Between the mid-1950s and mid-1960s, An Otto Preminger Production was a guarantee of epic ambitions (often based on bestsellers of impressive length). With captivating richness of detail and much-quoted Premingerian "objectivity", Anatomy of a Murder (1959) plumbs the depths of a complicated rape trial (questioning the nature of truth and justice in the background), while Exodus examines the founding of the State of Israel, and Advise & Consent delves into the intrigue-laden inner workings of U.S. politics.
 
The producer-director of these films conducted himself as an image-conscious impresario, taking centre stage as a popular figure whose effect in the media was similar to that of Alfred Hitchcock: both were so famous that they acted as personal guides in the trailers for their films. As his role model, however, Preminger – an anti-Nazi Jewish émigré – chose the Teutonic "man you love to hate" á la Erich von Stroheim: marked by a striking bald head and notorious for his tyrannical traits. With the help of Saul Bass' brilliant title sequences and film posters, Preminger put together meticulously designed production and publicity packages.

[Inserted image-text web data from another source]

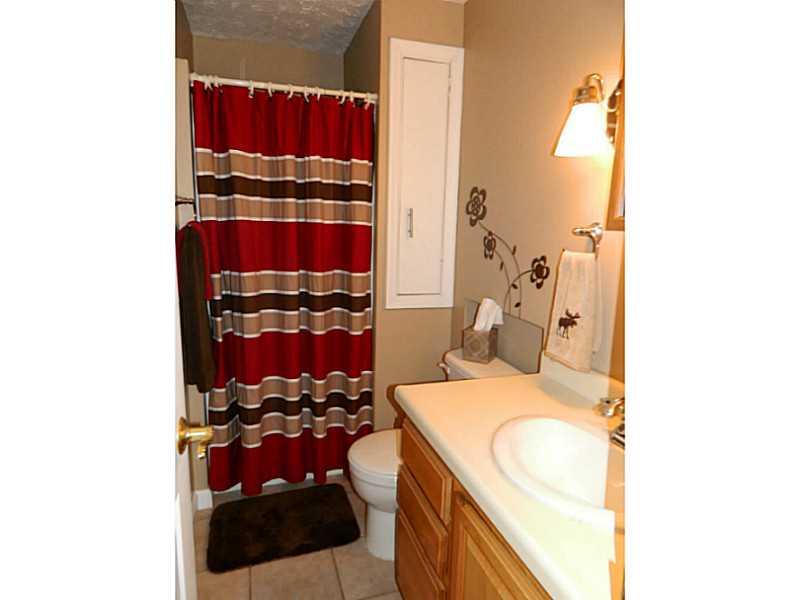 552 Country Club Road Washington, PA 15301 - Photo 22 of 25 Full Bath. There is a full bath off the family room is proximity to the garage.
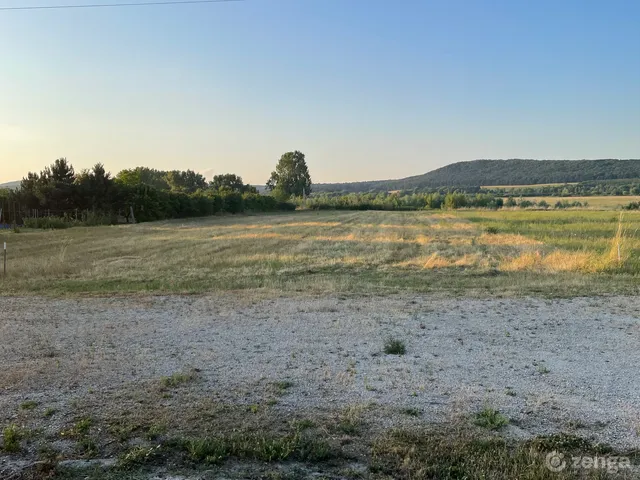 Eladó telek Bánd 1700 nm
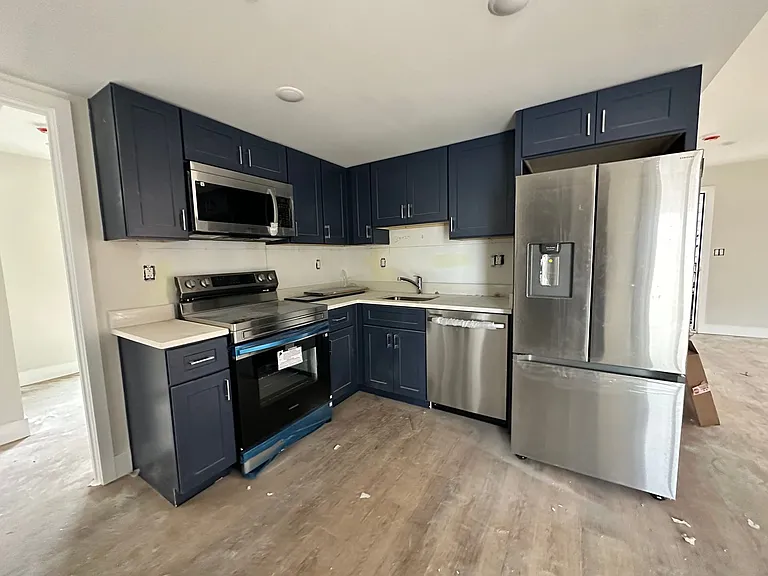 52nd Street Residences — Photo 38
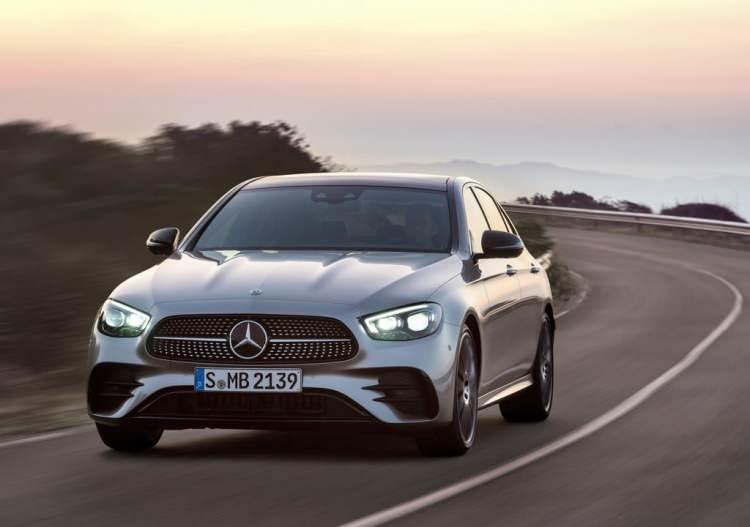 <p><strong>MERCEDES</strong></p>
<p>Mercedes E-Serisi Ekim ayına özel, 500.000 TL’ye, 12 ay, yüzde 1,44 faiz oranı fırsatı yaratmakta. A-Serisi Sedan için ise bu aya özel 280.000 TL, 12 ay, yüzde 1,44 faizli kredi imkanı sunuluyor.</p>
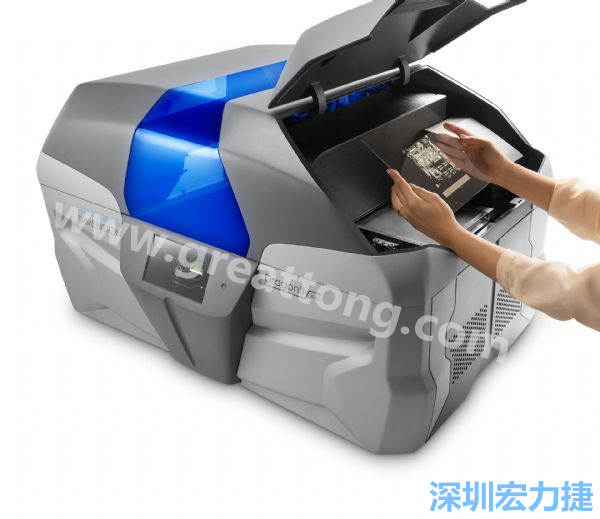 利用3D列印機(jī)器可制造多層板。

At the same time, as a self-proclaimed figurehead of the “new artistic autonomy” in Hollywood, he was a perfect fit for the politique des auteurs, which had begun to change the terms of film critical debate by 1960. The Parisian MacMahonists, for example, declared him one of the "Four Aces" of cinema alongside Raoul Walsh, Fritz Lang and Joseph Losey.
 
With this film series, the Film Museum proposes another perspective on Preminger's work, reaching beyond the mythical concept of the director-as-auteur – always unmistakably shaping each of "his" industrial products. As with all myths, this is a case of “partly truth and partly fiction.” Instead, we invite viewers to a tour of a house in Hollywood. Some rooms give away more about their owner than others (often literally: the paintings in his films are evidence of Preminger's art collector‘s eye), but all of them are equally characterized by other elements, influences and artistic collaborators. The 15 selected films directed by Otto Preminger cover the time he spent as a studio employee as well as his later period as an independent producer. River of No Return (1954), his last Fox-commissioned film after the founding of his production company, serves as a hinge between the two.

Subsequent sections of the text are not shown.